Georges Feydeau est un auteur qui ne cesse d’être joué. En ce moment, il brûle les planches avec « Un fil à la patte » au théâtre de Montparnasse. Une version modernisée au service d’un texte toujours aussi cruelle et drôle.

Comme à son habitude, le théâtre Montparnasse propose une pièce connue et une tête d’affiche. Pour cette fin de saison, c’est à Georges Feydeau de revenir avec « Un fil à la patte » avec la talentueuse Catherine Jacob. Deux atouts qui font venir le public avec un certain confort d’avoir du rire et de la qualité de jeux. La modernité repose sur le choix d’une mise en scène dans le Paris des années 50 (pièce écrite en 1894), ambiance music-hall et cabaret qui se marie à merveille à l’histoire. Il vaut mieux que cela se marie très bien car il est question de mariage. Le séduisant Fernand de Bois d’Enghien (Jean-Pierre Michaël) doit se débarrasser de sa maîtresse Lucette Gautier (Christelle Reboul), icone de la nuit parisienne. Il va se marier avec Viviane (Adèle Bernier), fille de la Baronne Duverger (Catherine Jacob). Mais comment faire sans créer d’esclandre ?

Voilà le début d’une aventure qui va se faire avec de nombreux complots, quiproquos et rebondissements, marque de fabrique de ce très cher Georges. Bien évidemment, cela ne va être facile de se séparer de l’amante sans qu’elle découvre qu’il va se marier. Presque tout l’entourage va être informé et vont essayer de l’aider. Les situations ubuesques vont se succéder surtout grâce à un auteur de chanson clerc de notaire, le maladroit Bouzin, magnifiquement interprété par Marc Fayet. Le complément humoristique se fait avec le général Irrigua d’Amérique du Sud à fort accent, fou amoureux de la chanteuse, joué par Bernard Malaka. Avec excès et folie, il devient un homme passionné qui n’admet aucun refus cela ne peut que faire rire. D’autant plus avec cette fameuse scène mythique sur la différence de prononciation en français de sceptique et scandale. 
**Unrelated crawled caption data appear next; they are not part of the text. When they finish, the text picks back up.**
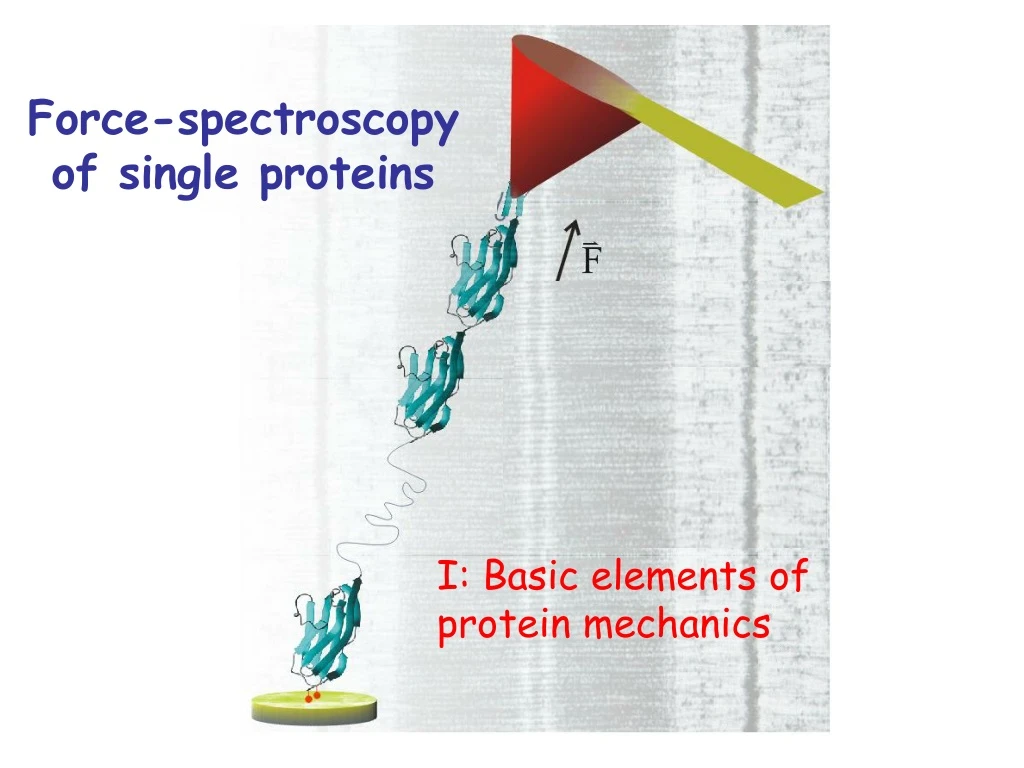 force spectroscopy of single proteins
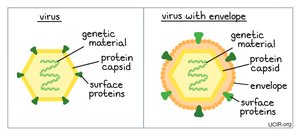 Comparison of non-enveloped and enveloped viruses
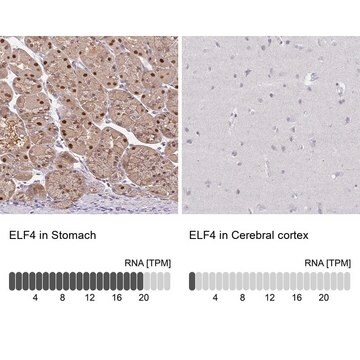 Anti-ELF4 antibody produced in rabbit Prestige Antibodies&#174; Powered by Atlas Antibodies, affinity isolated antibody, buffered aqueous glycerol solution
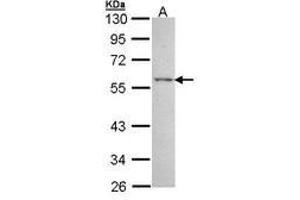 Image no. 1 for anti-Estrogen-Related Receptor gamma (ESRRG) (AA 53-304) antibody (ABIN467453) (ESRRG 抗体  (AA 53-304))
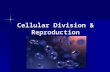 Cellular Division & Reproduction. Why is cell division important? Your body is made up of cells- trillions of cells. Many organisms start as just one.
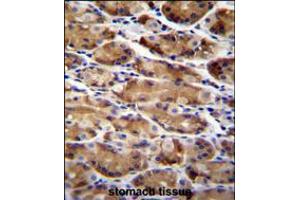 AT immunohistochemistry analysis in formalin fixed and paraffin embedded human stomach tissue followed by peroxidase conjugation of the secondary antibody and DAB staining. (ATG16L2 antibody  (AA 277-304))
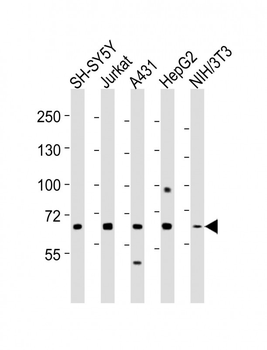 MeCP2 Antibody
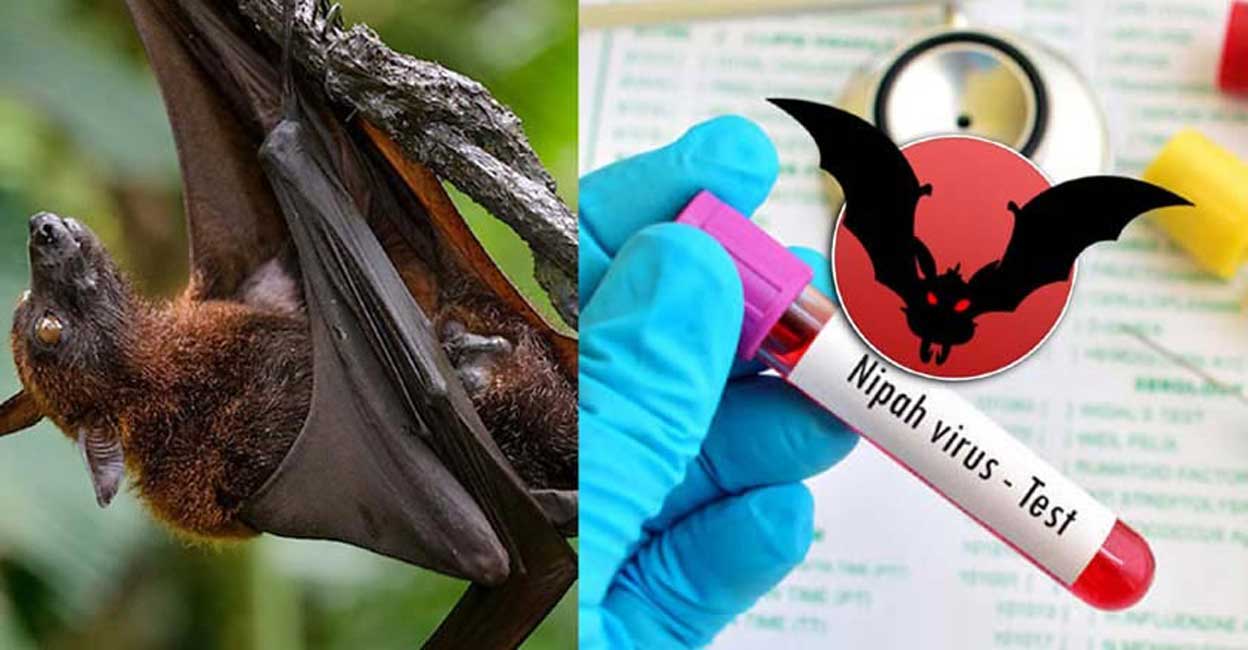 Virus Nipah c&oacute; khả năng trở th&agrave;nh đại dịch kh&ocirc;ng? Chuy&ecirc;n gia nhận định đường l&acirc;y v&agrave; khả năng xuất hiện tại Việt Nam - Ảnh 4.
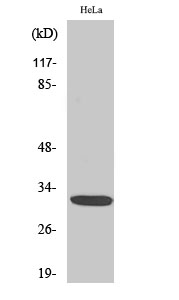 Fig. Western Blot analysis of various cells using Dlx-5 Polyclonal Antibody diluted at 1:500.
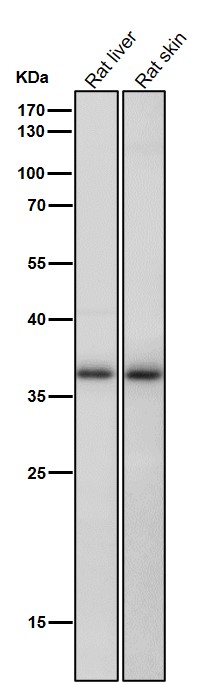 1 - Anti-CrkL Rabbit Monoclonal Antibody ABO16792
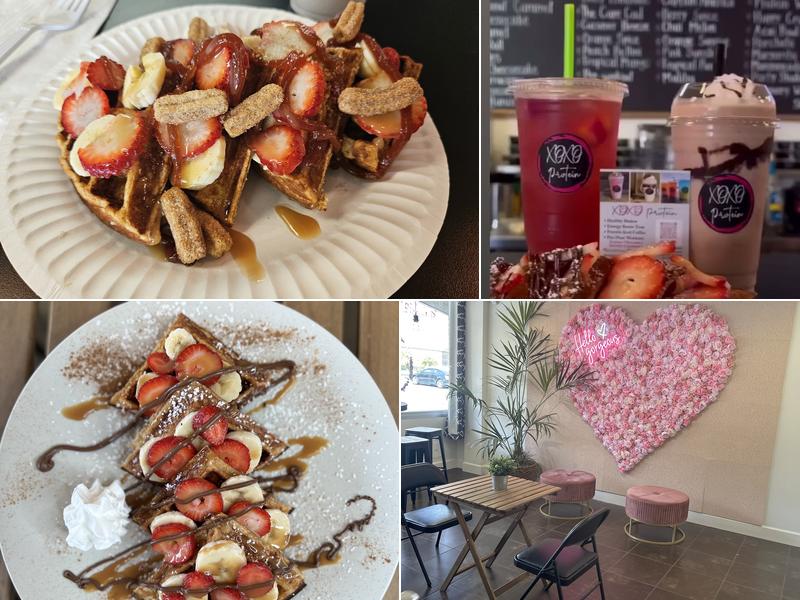 XOXO Protein. Nutrition Club. protein shakes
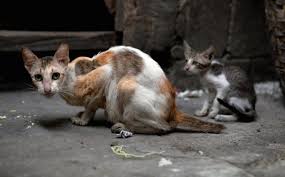 Cats who are usually calm may become a cat with rabies can pass the virus to their owner. How Often Do Cats Need Rabies Shots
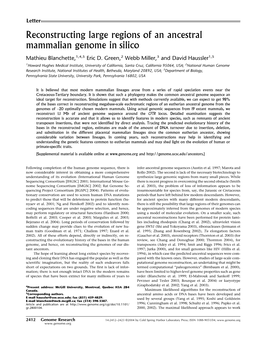 Reconstructing Large Regions of an Ancestral Mammalian Genome in Silico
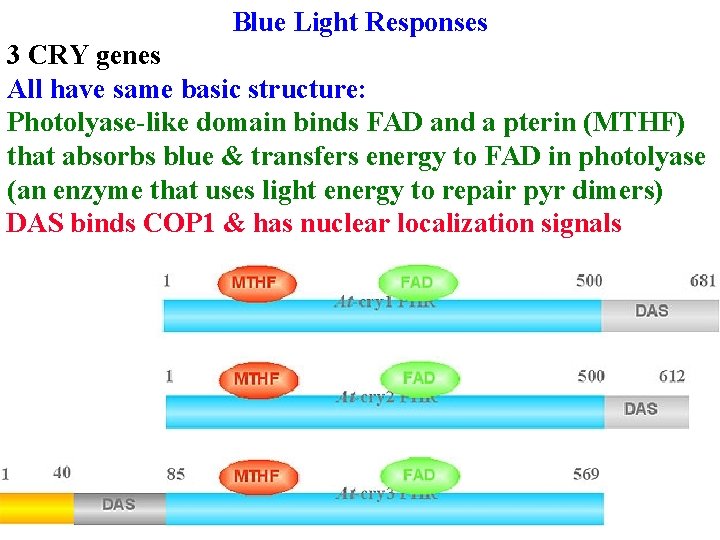 Blue Light Responses 3 CRY genes All have same basic structure: Photolyase-like domain binds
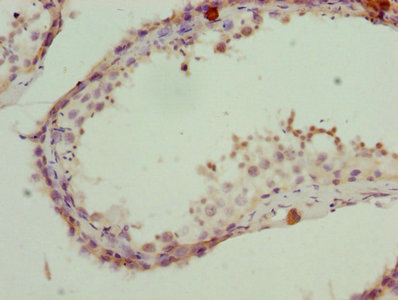 PSMD10 / Gankyrin Antibody - Immunohistochemistry of paraffin-embedded human testis tissue using Rabbit anti-human 26S proteasome non-ATPase regulatory subunit 10 polyclonal Antibody(PSMD10) at dilution of 1:100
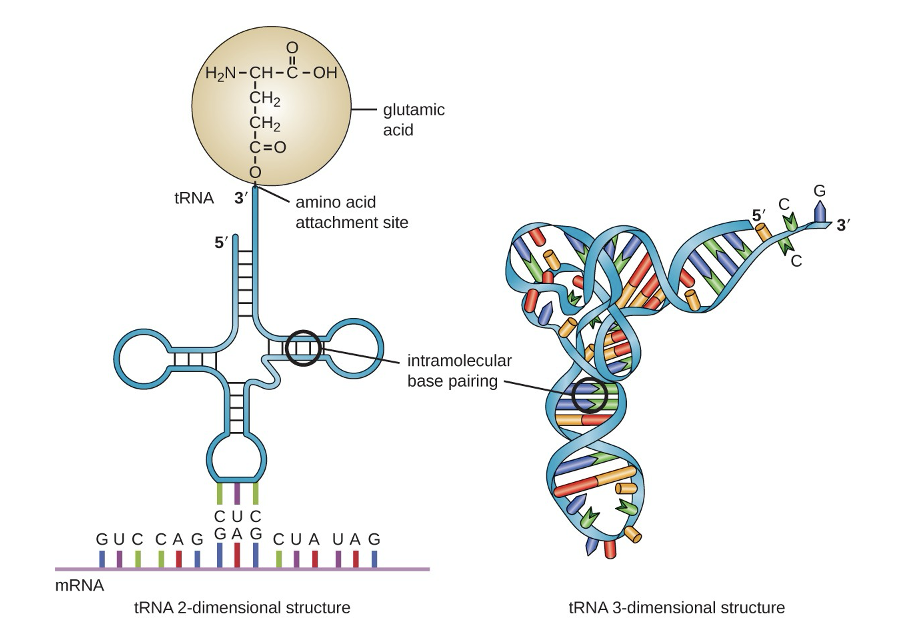 <p><span>anti-codon/codon interactions with the mRNA</span></p>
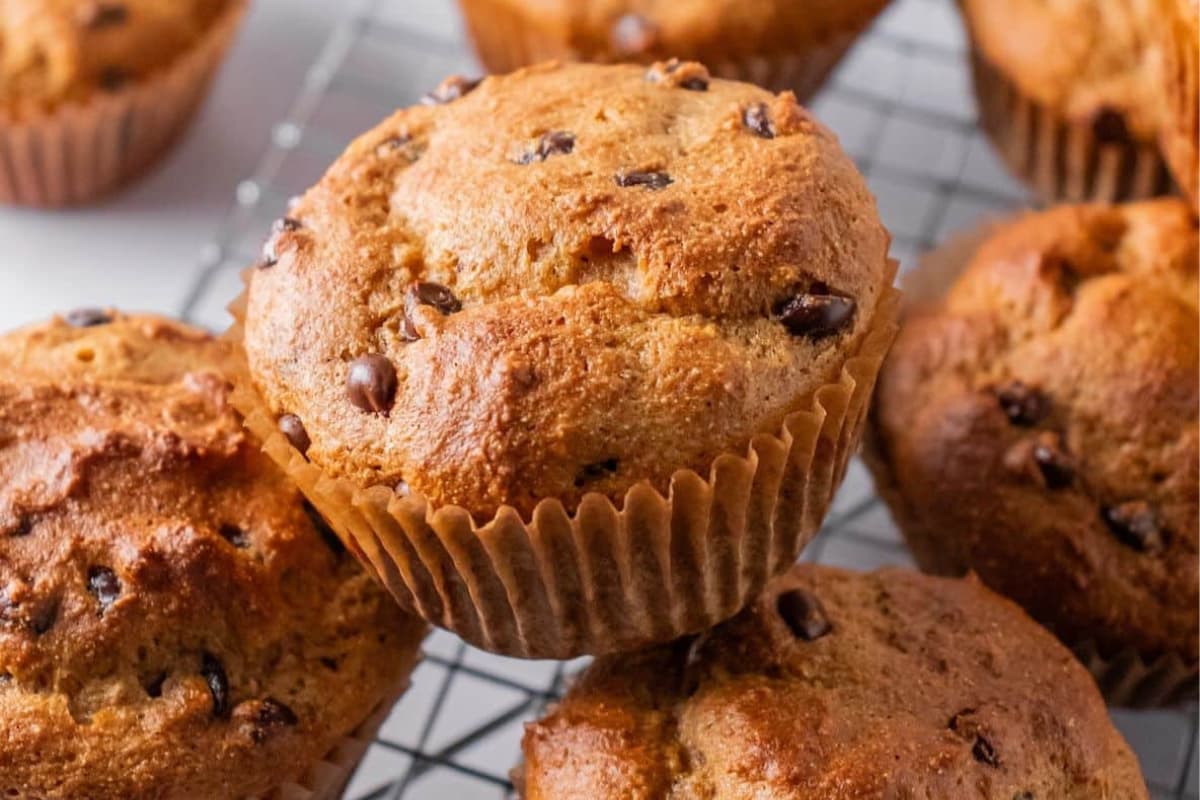 A plate of Whole Wheat Protein Muffins.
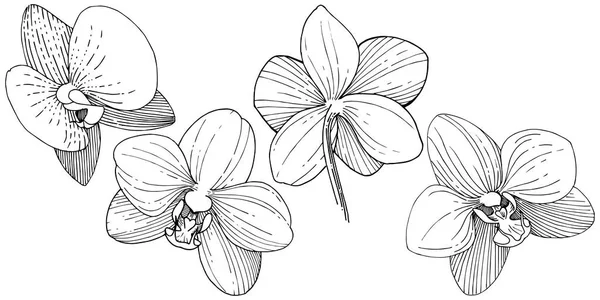 Flor Orquídea Estilo Vectorial Aislado Nombre Completo Planta Orquídea Flor — Archivo Imágenes Vectoriales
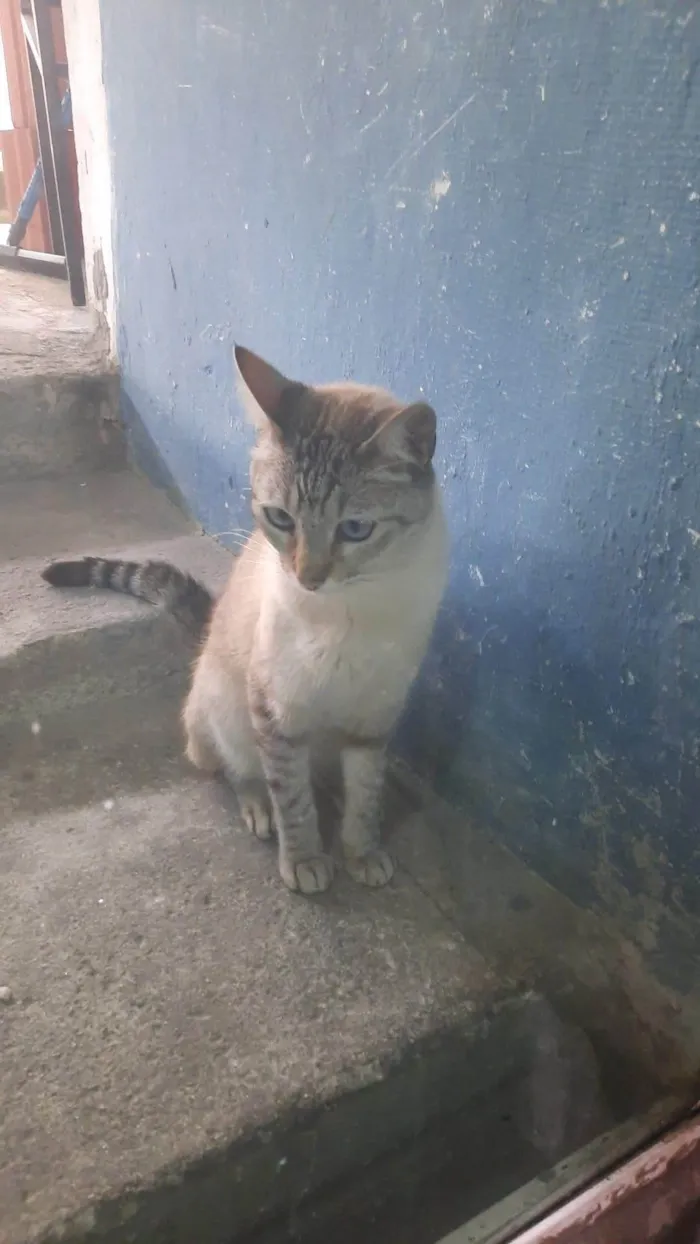 Gato ra a SRD-ViraLata idade 7 a 11 meses nome Lico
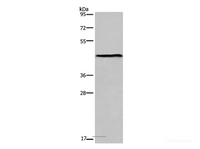 Western Blot analysis of Mouse lung tissue using ESRRG Polyclonal Antibody at dilution of 1:300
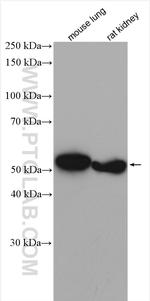 CYP4B1 Antibody in Western Blot (WB)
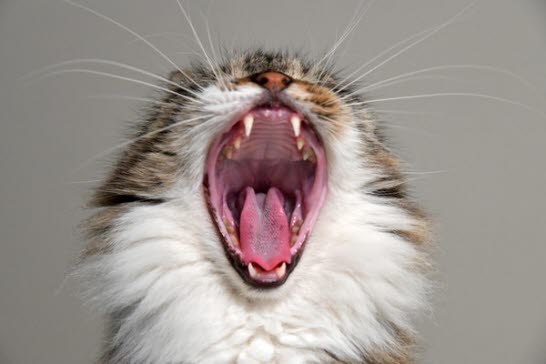 Vid kattallergi reagerar man på proteiner i kattens hud, saliv och urin.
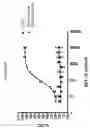 Fig. 06 - Antibodies to CLL-1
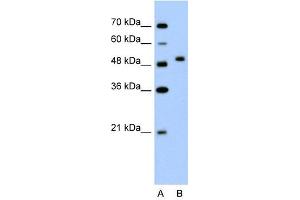 FLJ14213 antibody used at 2. (FLJ14213 (N-Term) 抗体)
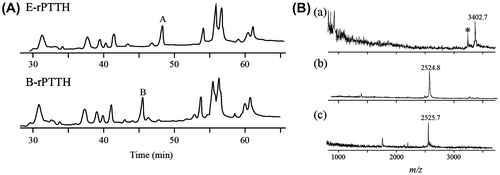 Fig. 1. Analyses of peptides derived from the native and recombinant PTTHs.Notes: (A) Comparison of the RP-HPLC profiles of lysyl endopeptidase-treated E-rPTTH and B-rPTTH. Peaks A in E-rPTTH and B in B-rPTTH were eluted at different retention times. The peptides corresponding to peaks A and B were further analyzed to determine the structure of the N-glycan. (B) MALDI-TOF MS analyses of the peptides derived from B-rPTTH and E-rPTTH. A possibly N-glycosylated peptide derived from B-rPTTH (a) and E-rPTTH (b) was analyzed. After PNGase F digestion, a peptide corresponding to peak B in Fig. 1(A) was also analyzed (c). The asterisk indicates an ion peak corresponding to the molecular weight of an N-glycosylated peptide without a deoxyhexose, possibly a fucose residue.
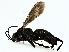  ( - BIOUG91355-H04)  @11 [ ] CreativeCommons - Attribution (2022) CBG Photography Group Centre for Biodiversity Genomics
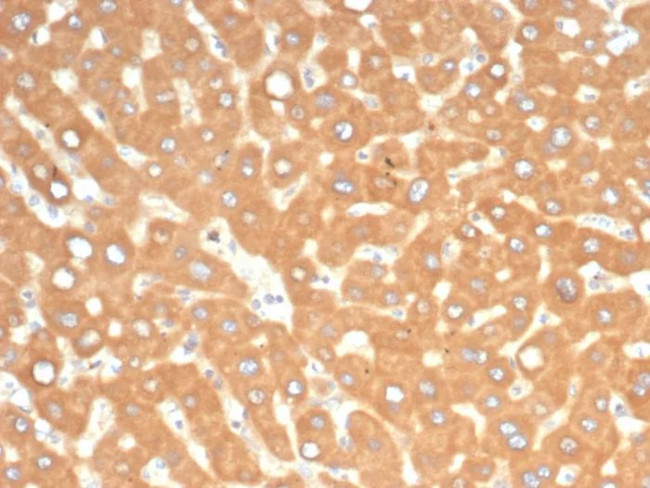 EPH Receptor B4 (EPHB4) Antibody in Immunohistochemistry (Paraffin) (IHC (P))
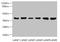Translocase Of Inner Mitochondrial Membrane 50 antibody, LS-C676596, Lifespan Biosciences, Western Blot image 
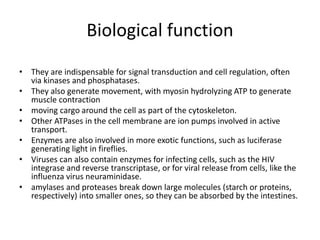 Biological function
• They are indispensable for signal transduction and cell regulation, often
via kinases and phosphatases.
• They also generate movement, with myosin hydrolyzing ATP to generate
muscle contraction
• moving cargo around the cell as part of the cytoskeleton.
• Other ATPases in the cell membrane are ion pumps involved in active
transport.
• Enzymes are also involved in more exotic functions, such as luciferase
generating light in fireflies.
• Viruses can also contain enzymes for infecting cells, such as the HIV
integrase and reverse transcriptase, or for viral release from cells, like the
influenza virus neuraminidase.
• amylases and proteases break down large molecules (starch or proteins,
respectively) into smaller ones, so they can be absorbed by the intestines.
Même si les portent claquent, les gifles volent et des personnes traversent à toute vitesse la scène, la pièce manque de peps. Nous sommes très loin de l’énergie communiquée de « L’hôtel du libre-échange » à la Comédie Française avec l’incroyable Christian Hecq ou « La dame de chez Maxim » adapté par Johanna Boyé et Paméla Ravassard au théâtre 13. Le rythme peine à prendre de l’élan et c’est indispensable car l’écriture redoutablement efficace ne pardonne rien. Mais la mise en scène et la scénographie de Christophe Lidon sauve tout. Déjà avec l’appartement luxueux avec un piano et quelques fauteuils qui sont déplacés au besoin des situations. Un grand espace incluant des écrans permettant de jouer des profondeurs (décors en trompe-l’œil) et des contextes (action hors plateau). Par exemple, un comédien sort de l’appartement et sur l’écran on le voit descendre les escaliers. Un effet qui fait sensation surtout quand le raccord avec le comédien physique et numérique est parfait ce qui a toujours été le cas. Un usage des écrans précis et très intelligent comme c’est bien rarement le cas.

Au final, les deux heures de spectacle passe relativement vite avec neuf comédiens plein d’entrain qui arrivent à donner sens au texte. Les amateurs de vaudeville y trouveront leur compte.